Dynamic Path Prediction
A Semi-Lazy Learning System to Probabilistic Path Prediction in Dynamic Environments
Path prediction has a board range of application, including navigation, traffic management, personal positioning, actionable advertising. However, in dynamic environments (such as urban space), since the movement of objects is affected by many factors, path prediction is a difficult and challenging, which is of interest to SeSaMe and its researchers.
LEADER is a prototype to support probabilistic path prediction in dynamic environments. The core of our system is a “semi-lazy” approach to probabilistic path prediction, which builds prediction model on the fly using historical trajectories that are selected dynamically based on the trajectories of target objects.
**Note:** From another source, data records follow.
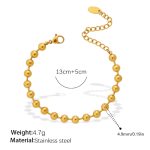 color: SL482G Gold Bracelet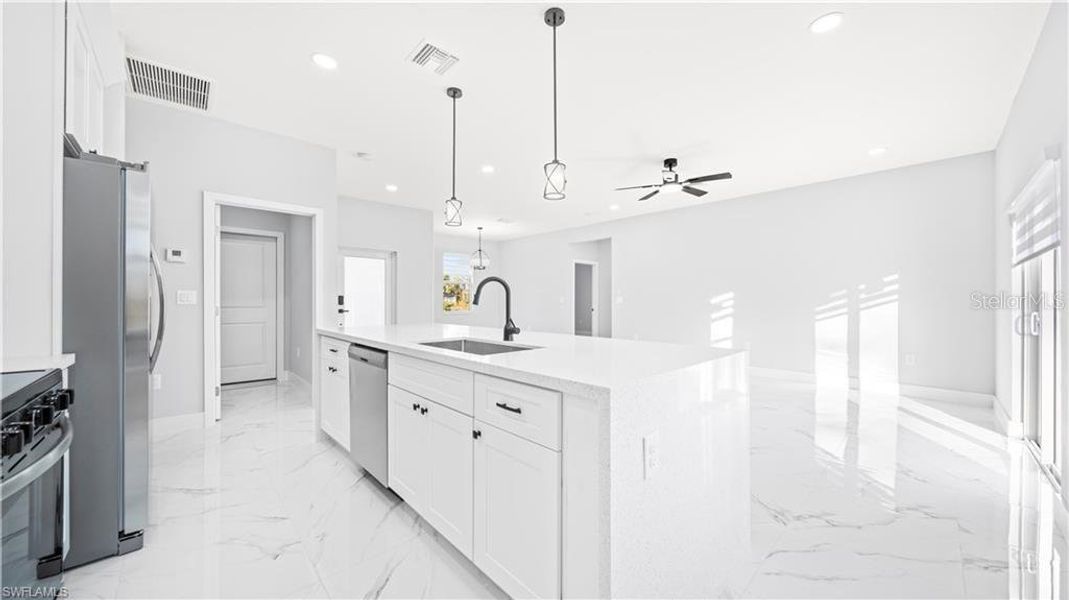 Furnished interior view inside a new home in , Lehigh Acres (Image 12).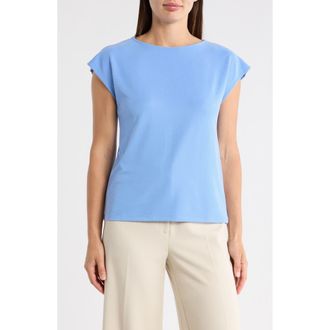 Nordstrom Rack Cap Sleeve Modal Blend T-Shirt in Blue Cornflower at Nordstrom Rack, Size X-Small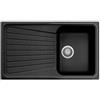 SP0861 Spazio Plados - Lavello a una Vasca con Gocciolatoio - Colore Nero
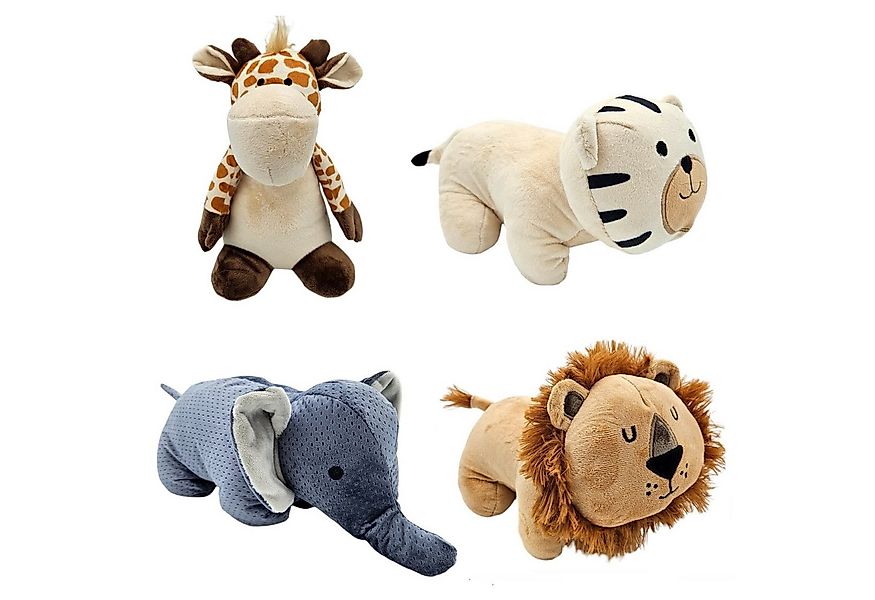 Meinposten Türstopper Giraffe Löwe Elefant Tiger Tiere Türpuffer Creme Brau günstig online kaufen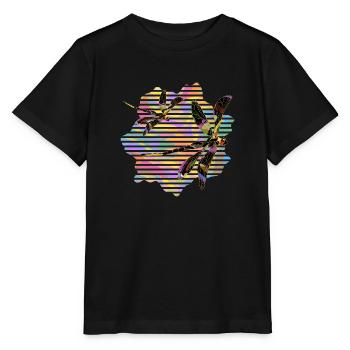 Important - T-shirt bio MINI CREATOR Stanley/Stella Enfant - noir - Devant - Mikhail (115cm)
Cameras represent one of the most utilized physical sensors to monitor our world, but are also the main contributor to the phenomenon of Big Data. Furthermore, the level of detail provided by cameras often raises privacy concerns. CamTweet is a novel approach that introduces smart cameras that map visual data into higher-level concepts using customized classifiers. This avoids the bandwidth-hungry sending of raw camera feeds and intrinsically enables a much higher level of privacy preservation. Using additional light-weight processing on a camera, it only outputs information in case user-defined events occur. We make those low-volume, high-level information available by letting cameras directly tweet their outputs. With that, users or applications can "follow" cameras alongside other tweeting objects or human users, creating a novel type of social cyber-physical ecosystem to monitor the world.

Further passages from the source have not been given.